The talkative Tipsarevic discussed meteorology on Friday. “The weather in Australia, I have to say it’s crazy. You don’t know what you are going to get. Three days ago it was really cold when I played Lacko. Two days ago it was like 70 degrees Celsius on the court. Today was beautiful but it was really, really windy. Who knows what’s going to happen tomorrow? Probably we’ll have rain and we’re going to end up playing indoors.”

Probably happy to play indoors would be two giants, 6-foot-5 Tomas Berdych and 6-foot-8 Kevin Anderson, the only interloper among the seeds projected to be in the round-of-16. Berdych has won his four meetings with the South African, all in 2012. That included a 7-6(5), 7-6(1), 6-1 match at Melbourne Park.  

In the final fourth-rounder, 5-foot-9 David Ferrer faces 5-foot-10 Kei Nishikori. The Japanese, 23 and looking as if he has a little more beef on his bones, leads their head-to-head 2-1.

Women’s round-of-16 matches include Julia Goerges hoping to make it consecutive wins over China’s two best-known players. She beat Zheng Jie on Friday and now plays Li Na.

Ana Ivanovic, after defeating fellow-Serb Jelena Jankovic, will try to get the ball past one of tennis’ finest goalkeepers, acrobatic 4th seed Agnieszka Radwanska. Fifth seed Angelique Kerber meets fellow lefty Ekaternina Makarova while Kirsten Flipkins, surely with tips from her pal Kim Clijsters at home in Belgium, engages in a death-defying act – attempting to stop that human freight train Maria Sharapova. The Russian has lost but four games in three matches.


Radwanska def. Ivanovic in two: ‘Aga’ leads the head-to-head 4-3 and has won the last four. She will wear down the lean, elegant Ana.
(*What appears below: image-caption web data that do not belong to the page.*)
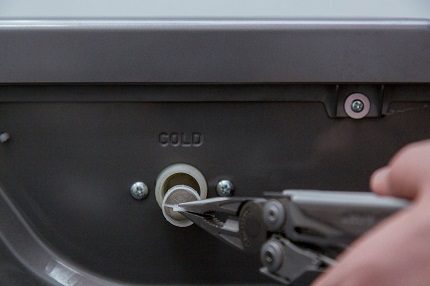 Как избавиться от неприятного запаха в стиральной машине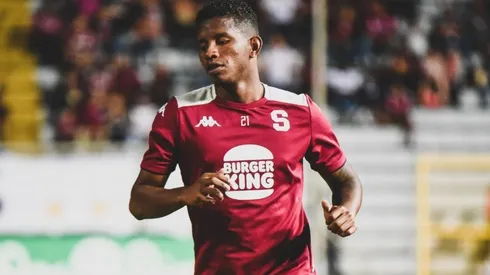 Las opciones maneja el Saprissa para la baja de Fidel Escobar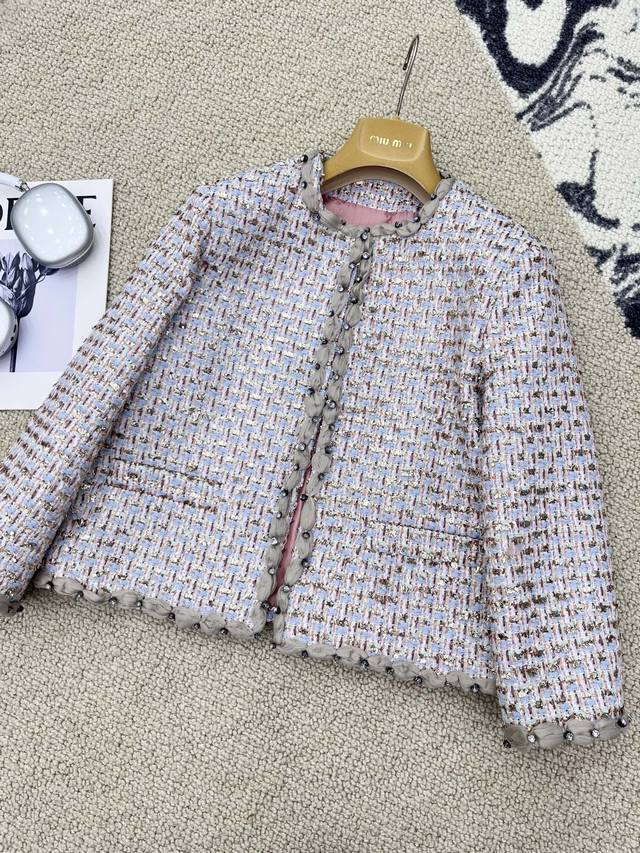 爆款现货 原版定制 Valentin*｜2025新品编织粗花呢圆领外套｜半裙 定制Yb进口材质 提花内衬 肌理明显 质感上乘 粗花面料打造小香风典范 撞色花边拼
Li def. Goerges in three: The German looked beaten and lost trailing Zheng 5-3 in the third set Friday. It’s close but Li’s overall superiority wins out.

Berdych def. Anderson in four: Three matches and no sets lost for the Czech. As usual, he rolls inconspicuously toward the business end of the event.

Ferrer def. Nishikori in four: Ferrer feasts on the slightest of advantages. Maybe that knee niggle before the tournament catches up with Nishikori.

Almagro def. Tipsarevic: Almagro, a great ball striker, is known to lack competitive acumen. Still, from 1-0 versus a tired Tipsy, he moves to 2-0.